• **Task data**:

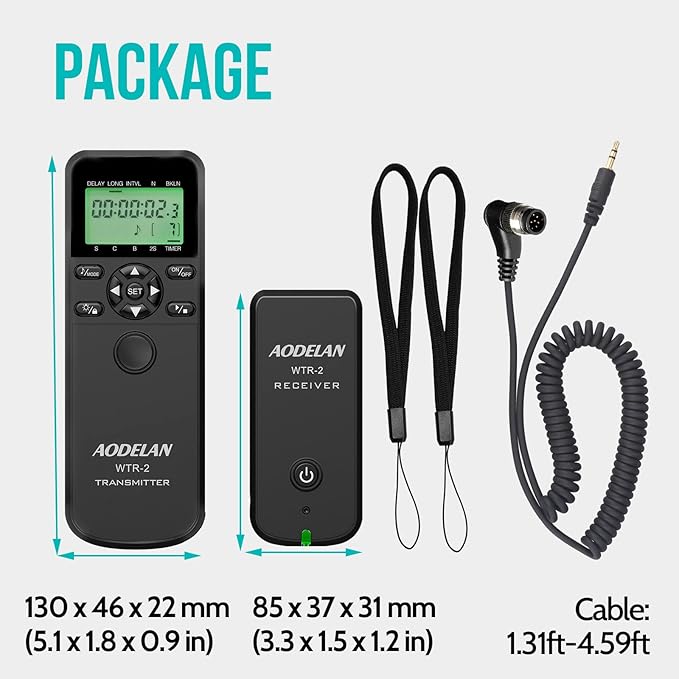 Wireless Shutter Camera Remote Intervalometer Timer Compatible with Nikon D3, D4, D4s, D5, D6, D800, D850, D810, D700, D500, D300, D200, F6, F100, F5, F90, N90s, D1X, D2H; Replaces Nikon MC-30A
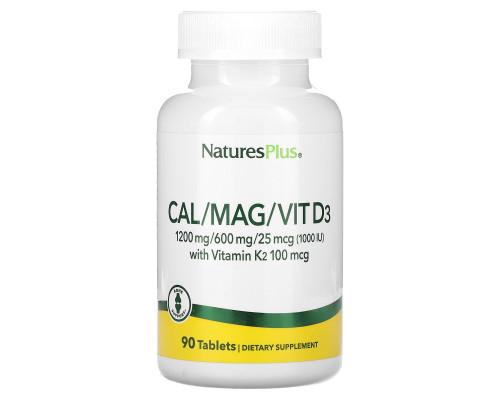 Кальций, магний, витамин D3 с витамином K2, Cal/Mag/Vit D3 with Vitamin K2, NaturesPlus, 90 таблеток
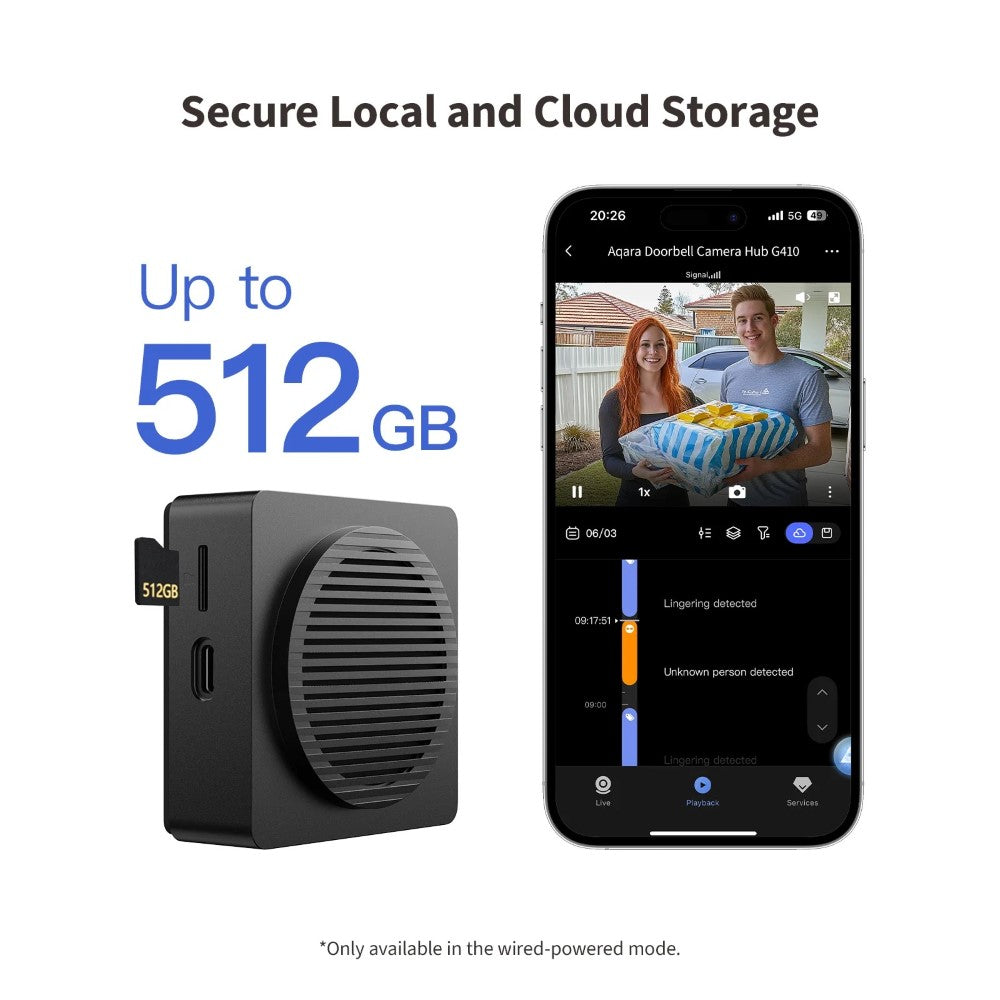 Der Aqara Doorbell Camera Hub G410 Select ist ein fortschrittliches intelligentes Video-Türsprechanlagen-System, das hochauflösende 2K-Überwachung mit umfassenden Smart-Home-Hub-Funktionen kombiniert. Er ermöglicht es Ihnen, in Echtzeit zu sehen, zu hören und mit der Person an der Tür zu sprechen, egal wo Sie sich befinden, und stärkt so die Sicherheit und die Zugangskontrolle zu Ihrem Zuhause.
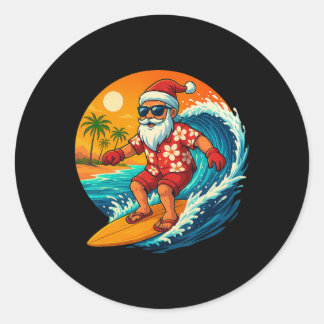 Adesivo Surfing Santa Tropical Christmas Holiday Hawaiian 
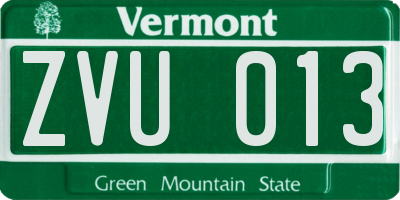 VT license plate ZVU013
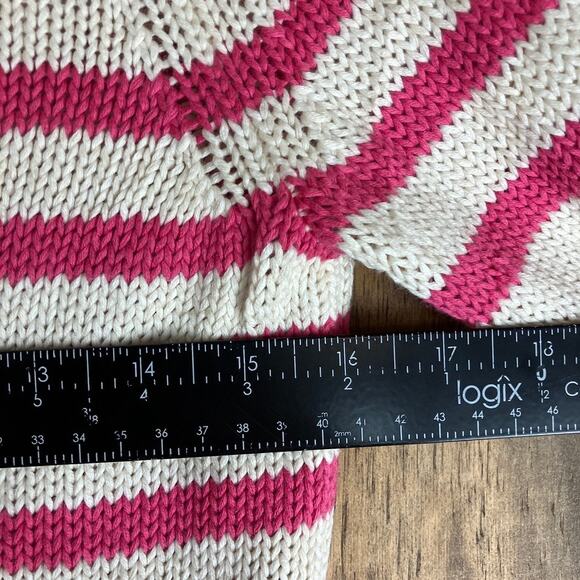 Banana Republic Womens Sweater White Pink Striped Crew Neck Long Sleeve XS - Picture 8 of 12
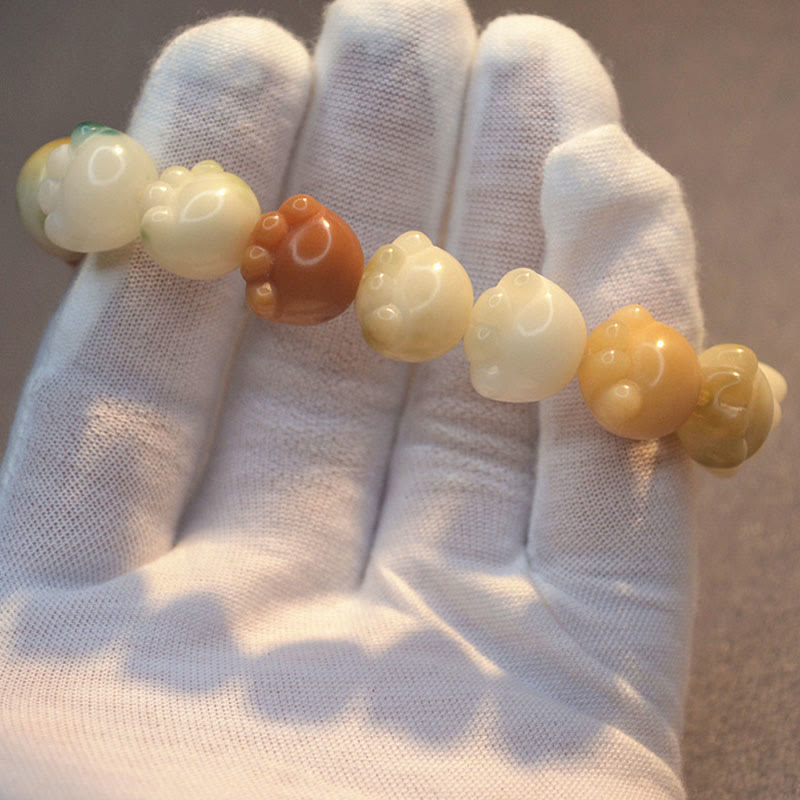 Multilayered Bodhi Seed Cute Cat Paw Calm Harmony Bracelet - Image 10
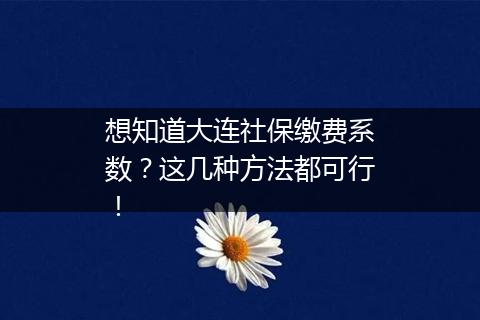 想知道大连社保缴费系数？这几种方法都可行！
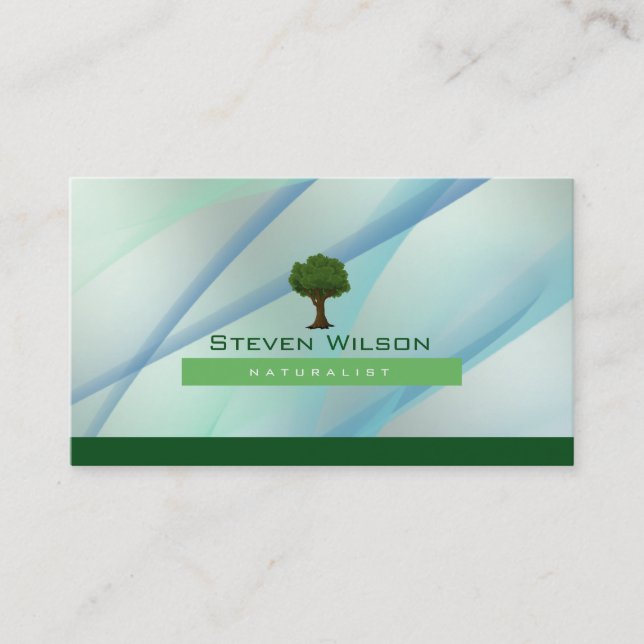 Elegant Tree Green Nature Lawn Garden Landscape Business Card (Front)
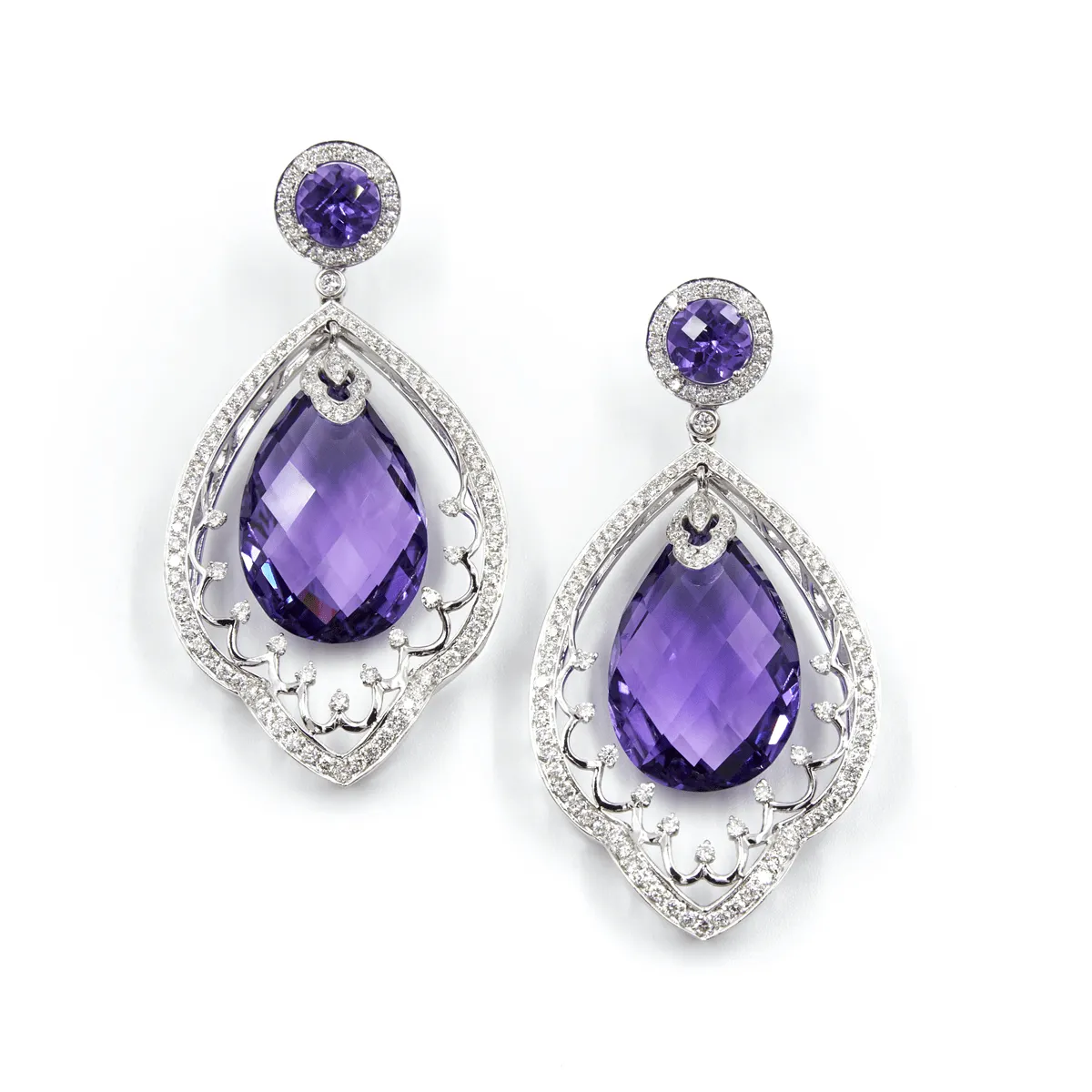 Queen Amina - Amethyst and Diamond  Earrings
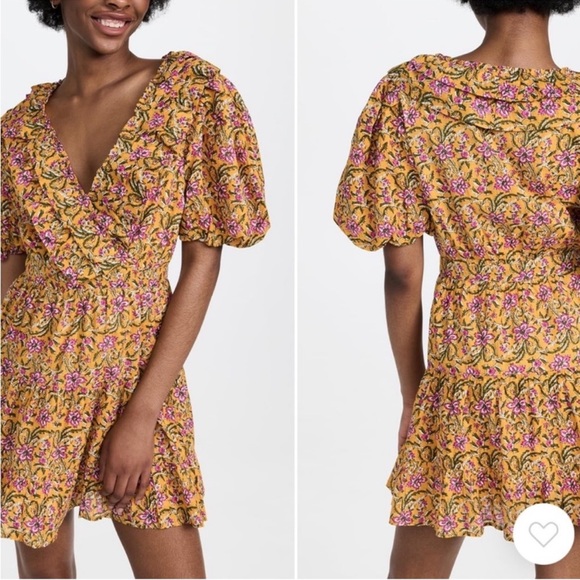 Rahi Del Sole Chiara Mini Dress in Yellow Floral Size Small - Picture 3 of 15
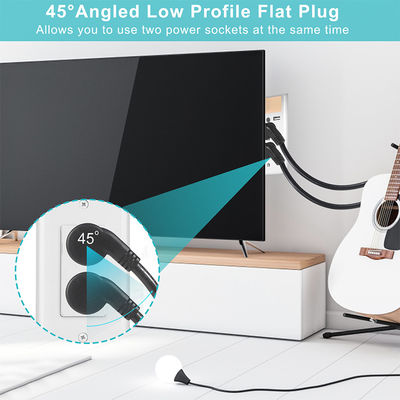 NEMA 5-15P 3Pin Plug Corde di alimentazione IEC con C13 angolo retto Kettle Plug 45 gradi curva
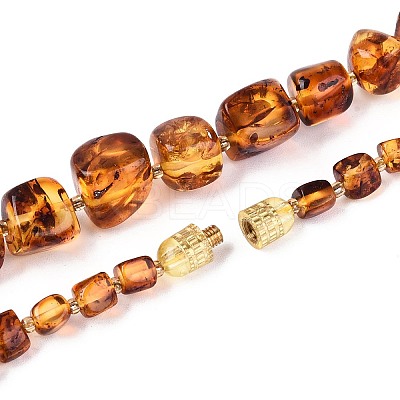 Natural Amber Nuggets Graduated Beaded Necklaces NJEW-T019-04-1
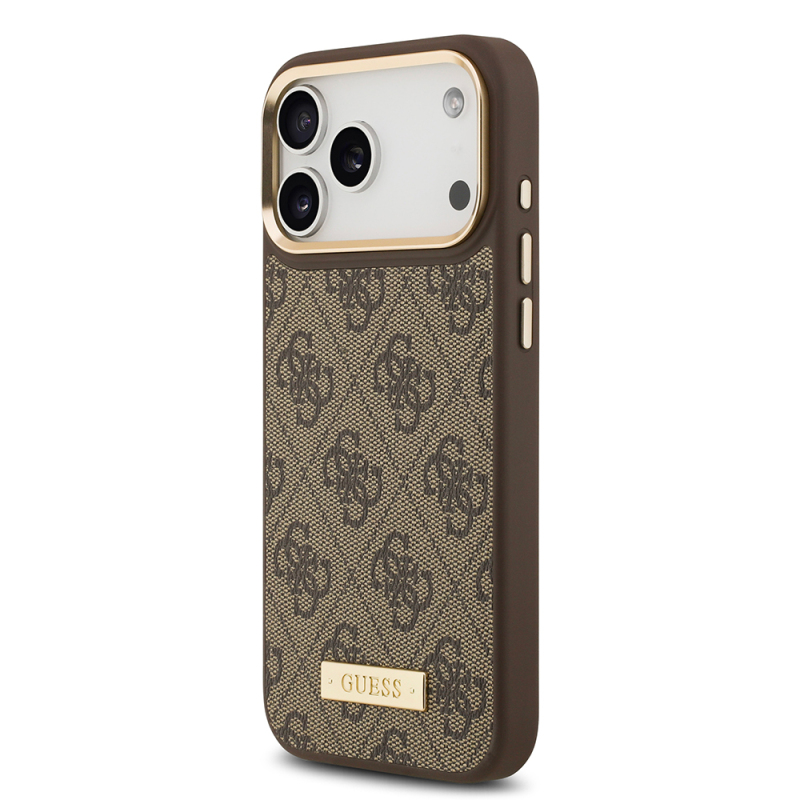 Apple iPhone 17 Pro Max Kılıf Guess Orjinal Lisanslı M-safe Şarj Özellikli 4G Desenli PU Metal Plaka Klasik Logolu Kapak - 10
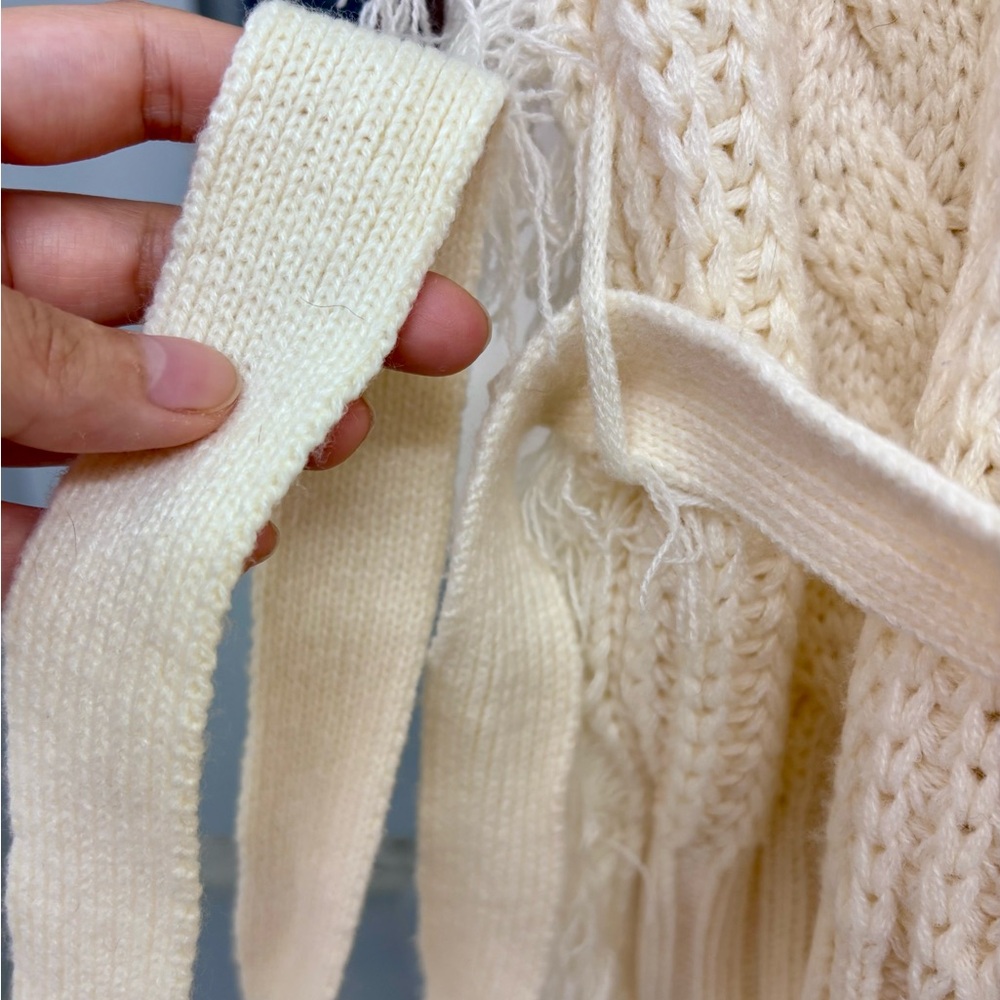 SAGE THE LABEL Fringed Cable-Knit Turtleneck Sweater in Ivory/Cream - Picture 15 of 16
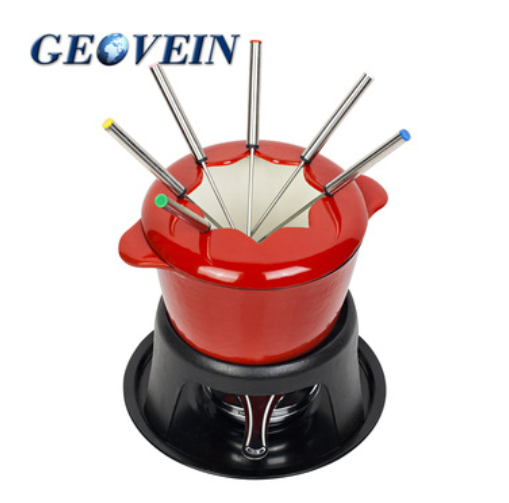 Amazon чугунные эмалированные Fondue набор шоколад сыр плавления горшок кухонная посуда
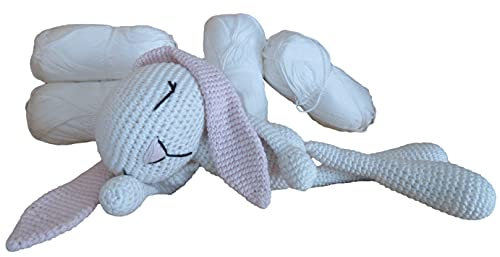 Doudou lapin au crochet Montessori coton blanc et rose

• **Task statement**:
Give the entries again, exactly and in full, with no image included.

• **Task answer**:
 Wireless Shutter Camera Remote Intervalometer Timer Compatible with Nikon D3, D4, D4s, D5, D6, D800, D850, D810, D700, D500, D300, D200, F6, F100, F5, F90, N90s, D1X, D2H; Replaces Nikon MC-30A
 Кальций, магний, витамин D3 с витамином K2, Cal/Mag/Vit D3 with Vitamin K2, NaturesPlus, 90 таблеток
 Der Aqara Doorbell Camera Hub G410 Select ist ein fortschrittliches intelligentes Video-Türsprechanlagen-System, das hochauflösende 2K-Überwachung mit umfassenden Smart-Home-Hub-Funktionen kombiniert. Er ermöglicht es Ihnen, in Echtzeit zu sehen, zu hören und mit der Person an der Tür zu sprechen, egal wo Sie sich befinden, und stärkt so die Sicherheit und die Zugangskontrolle zu Ihrem Zuhause.
 Adesivo Surfing Santa Tropical Christmas Holiday Hawaiian 
 VT license plate ZVU013
 Banana Republic Womens Sweater White Pink Striped Crew Neck Long Sleeve XS - Picture 8 of 12
 Multilayered Bodhi Seed Cute Cat Paw Calm Harmony Bracelet - Image 10
 想知道大连社保缴费系数？这几种方法都可行！
 Elegant Tree Green Nature Lawn Garden Landscape Business Card (Front)
 Queen Amina - Amethyst and Diamond  Earrings
 Rahi Del Sole Chiara Mini Dress in Yellow Floral Size Small - Picture 3 of 15
 NEMA 5-15P 3Pin Plug Corde di alimentazione IEC con C13 angolo retto Kettle Plug 45 gradi curva
 Natural Amber Nuggets Graduated Beaded Necklaces NJEW-T019-04-1
 Apple iPhone 17 Pro Max Kılıf Guess Orjinal Lisanslı M-safe Şarj Özellikli 4G Desenli PU Metal Plaka Klasik Logolu Kapak - 10
 SAGE THE LABEL Fringed Cable-Knit Turtleneck Sweater in Ivory/Cream - Picture 15 of 16
 Amazon чугунные эмалированные Fondue набор шоколад сыр плавления горшок кухонная посуда
 Doudou lapin au crochet Montessori coton blanc et rose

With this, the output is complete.